Hi there! Newcomer to the language (Ruby/JS/Go dev by trade) wondering what the “Elixir way” is to best achieve something.

For context:

  • Geocoding microservice with input as an array/list of zip code strings (e.g. [“11201, US”, “10036, US”]) that transforms said zip codes into an array of geocoded hashes/objects via a third party API (in our case Mapquest). This service accommodates other inputs but for the purposes of this discussion assume that that’s the only kind input we can receive.

  • We usually receive a request to transform fewer than five zip codes at a time, but have seen as many as 4089. Mapquest limits our batching opportunity to 100 in a single request, but we’ve yet to run into problems with rate limiting re: those batched requests. What I’m looking for is a way to take the strings, transform them into Mapquest-valid JSON, send paralleized requests in batches of 100, combine the results of those requests back into a list, and send the complete list back as a single response.

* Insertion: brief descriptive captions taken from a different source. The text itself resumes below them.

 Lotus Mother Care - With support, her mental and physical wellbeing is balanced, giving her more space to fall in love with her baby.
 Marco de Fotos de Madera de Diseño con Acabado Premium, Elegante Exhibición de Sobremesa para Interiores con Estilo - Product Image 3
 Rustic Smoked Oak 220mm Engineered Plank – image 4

Genstage and async tasks both seem like ways of achieving this (my hunch is that there are more “primitive” ways as well), but I’m not sure what would be best. Thanks for the advice!

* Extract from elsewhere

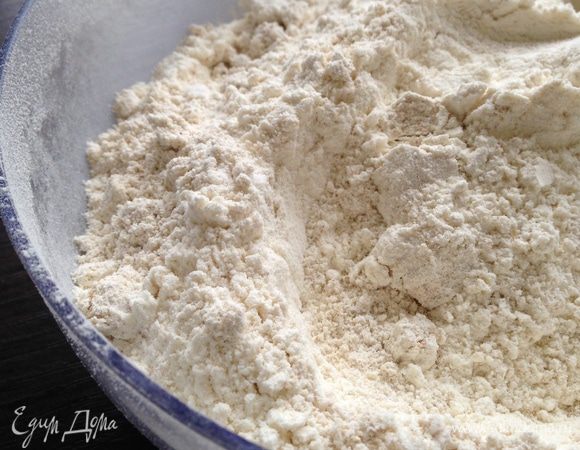 Просеять пшеничную муку и овсяную, добавить соль и соду.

Bit busy so cannot do a full response, but for that purpose it seems like GenStage is practically designed for it, so maybe start by reading that intro? :slight_smile:

1 Like

I’ve taken a look at genstage but was under the assumption that it might be an “overengineered” solution to my problem because I don’t have to deal with backfilling.

Smells like what Task.async and Task.await were made for.

No, it is still perfectly suited for it. :slight_smile:

Not necessarily, those can easily overwhelm the system if too many jobs, plus he said it needs to be in batches of a max of 100, and I am ‘guessing’ that he cannot submit too many 100 batch jobs either.

OP indicated that Mapquest doesn’t seem to rate limit at the level they’re using it, and that huge batches were rare. So a Task async/await loop sounds like a simple and “good enough” solution (until you do run out of memory, that’s early enough IMO to haul out the Serious Engineering tools ;-)). Given that GenStage usually comes with Very Long Articles, I’d be hesitant to apply it to something as simple as OP presents, unless there are compelling reasons for the additional complexity.

GenStage is actually really easy, plenty of help on these forums too. :slight_smile:

Thanks for the advice everyone. Will give GenStage a shot.

https://hexdocs.pm/elixir/Task.html#async_stream/3 ?

Just a general curiosity, are parallelization and concurrency assumed the same in this context?